9.6.2.1 Sampling function
We can use the names()
function to find out the names of all the t.test parameters and use this to just get one type of data, like the test statistic (e.g., t-value).
names(t_ind)
t_ind$statistic
## [1] "statistic" "parameter" "p.value" "conf.int" "estimate"
## [6] "null.value" "stderr" "alternative" "method" "data.name"
## t
## -1.806051
If you want to run the simulation many times and record information each time, first you need to turn your simulation into a function.
sim_t_ind <- function(n, m1, sd1, m2, sd2) {
# simulate v1
v1 <- rnorm(n, m1, sd1)
#simulate v2
v2 <- rnorm(n, m2, sd2)
# compare using an independent samples t-test
t_ind <- t.test(v1, v2, paired = FALSE)
# return the p-value
return(t_ind$p.value)
}
Run it a few times to check that it gives you sensible values.
sim_t_ind(100, 0.7, 1, 0.5, 1)
## [1] 0.362521
9.6.2.2 Calculate power
Now replicate the simulation 1000 times.
my_reps <- replicate(1e4, sim_t_ind(100, 0.7, 1, 0.5, 1))
alpha <- 0.05
power <- mean(my_reps < alpha)
power
## [1] 0.2925
Run the code above several times. How much does the power value fluctuate? How many replications do you need to run to get a reliable estimate of power?
Compare your power estimate from simluation to a power calculation using power.t.test()
. Here, delta
is the difference between m1
and m2
above.
power.t.test(n = 100,
delta = 0.2,
sd = 1,
sig.level = alpha,
type = "two.sample")
##
## Two-sample t test power calculation
##
## n = 100
## delta = 0.2
## sd = 1
## sig.level = 0.05
## power = 0.2902664
## alternative = two.sided
##
## NOTE: n is number in *each* group
You can plot the distribution of p-values.
ggplot() +
geom_histogram(
aes(my_reps),
binwidth = 0.05,
boundary = 0,
fill = "white",
color = "black"
)
What do you think the distribution of p-values is when there is no effect (i.e., the means are identical)? Check this yourself.
Make sure the boundary
argument is set to 0
for p-value histograms. See what happens with a null effect if boundary
is not set.
9.6.3 Correlation
You can test if continuous variables are related to each other using the cor()

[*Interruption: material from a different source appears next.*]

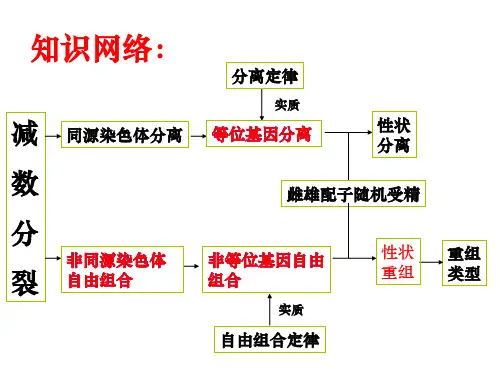 高中生物必修二1.1《孟德尔的豌豆杂交实验(一)》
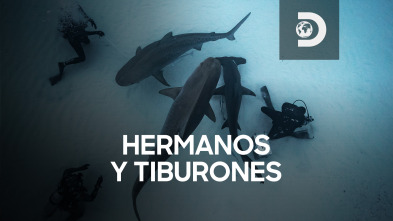 Hermanos y tiburones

function. Let's use rnorm_multi()
to make a quick table of correlated values.
dat <- rnorm_multi(
n = 100,
vars = 2,
r = -0.5,
varnames = c("x", "y")
)
cor(dat$x, dat$y)
## [1] -0.4960331
Set n
to a large number like 1e6 so that the correlations are less affected by chance. Change the value of the mean for a
, x
, or y
. Does it change the correlation between x
and y
? What happens when you increase or decrease the sd? Can you work out any rules here?
cor()
defaults to Pearson's correlations. Set the method
argument to use Kendall or Spearman correlations.
cor(dat$x, dat$y, method = "spearman")
## [1] -0.4724992
9.6.3.1 Sampling function
Create a function that creates two variables with n
observations and r
correlation. Use the function cor.test()
to give you p-values for the correlation.
sim_cor_test <- function(n = 100, r = 0) {
dat <- rnorm_multi(
n = n,
vars = 2,
r = r,
varnames = c("x", "y")
)
ctest <- cor.test(dat$x, dat$y)
ctest$p.value
}
Once you've created your function, test it a few times, changing the values.
sim_cor_test(50, .5)
## [1] 0.001354836
9.6.3.2 Calculate power
Now replicate the simulation 1000 times.
## [1] 0.965
Compare to the value calcuated by the pwr package.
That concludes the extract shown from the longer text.